Interpretation likelihood graphic I would like a clarification regards the concept of likelihood.
Example:
A random sample distributed with a density of normal probability (u, v). you get the following graph of the standardized likelihood for n = 5, $\bar{x}$ = 1 and $s^2$ = 2.

I would like to know if the graph can be interpreted in this way:
That axis goes from -1 to 3 represents the values of $\bar{x}$ = 1 (with a maximum in 1).
The side of axis that goes from 2 to 8 represents the values of $s^2$ = 2 (with maximum 2).
Is this an accurate way to interpret it?
 A: No, your interpretation is incorrect.

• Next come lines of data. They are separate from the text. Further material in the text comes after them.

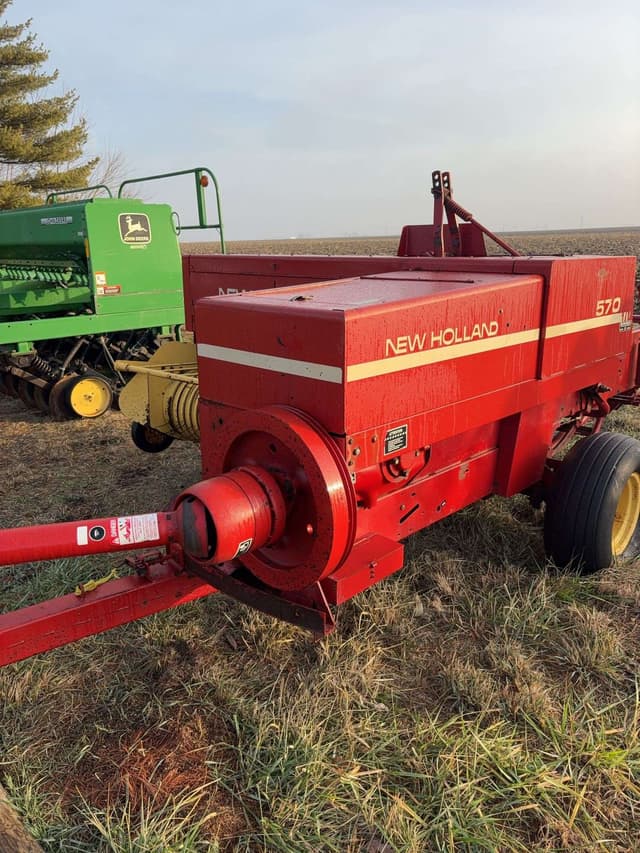 Image of New Holland 570 equipment image 1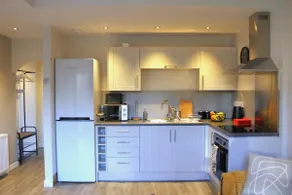 Modern Apartament near city centre - Image 4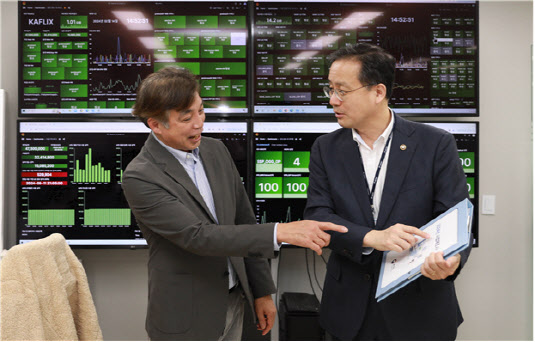 이형일 통계청장(오른쪽)이 서울의 IT 사업체 ‘지티플러스’를 방문해 직접 면접조사를 시연하고 있다. (사진=통계청 제공)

The likelihood is a function of the parameters, in this case, $\mu$ and $\sigma^2$; those are what the values on the axes relate to. Given the data, the values of $\bar{x}$ and $s^2$ are constants. In this case, they ($\bar{x}$ and $s^2$) are the values at the two dashed lines. When sampling from the normal distribution, they contain all the information in the data about the parameters.
It happens in this case that these particular values correspond to the peak of the likelihood function.
A: No, your intepretation is incorrect.
The function shows the likelihood of the parameter values (shown on the horizontal axes). "Likelihood" means how likely they are given the observed data. If, for example, you look at the pair of values {-1, 8}, you see that the likelihood is low, which means that it is unlikely that these parameter values are the true values given the sample you have. A more likely set of values for your parameters is {1,2}, i.e., the most likely parameter values (the mode of the plot) are 1 for the mean and 2 for the variance.
The likelihood is to be interpreted as a probability. The largest the probability is, the more the parameters corresponding to this likelihood are probable (are likely). Likelihood is a number between 0 (not probable at all) and 1 (absolutely probable); in general, it is somewhere in-between. The number can be quite small; what matter is that it is the most (i.e., the highest) likely of all the parameter values considered.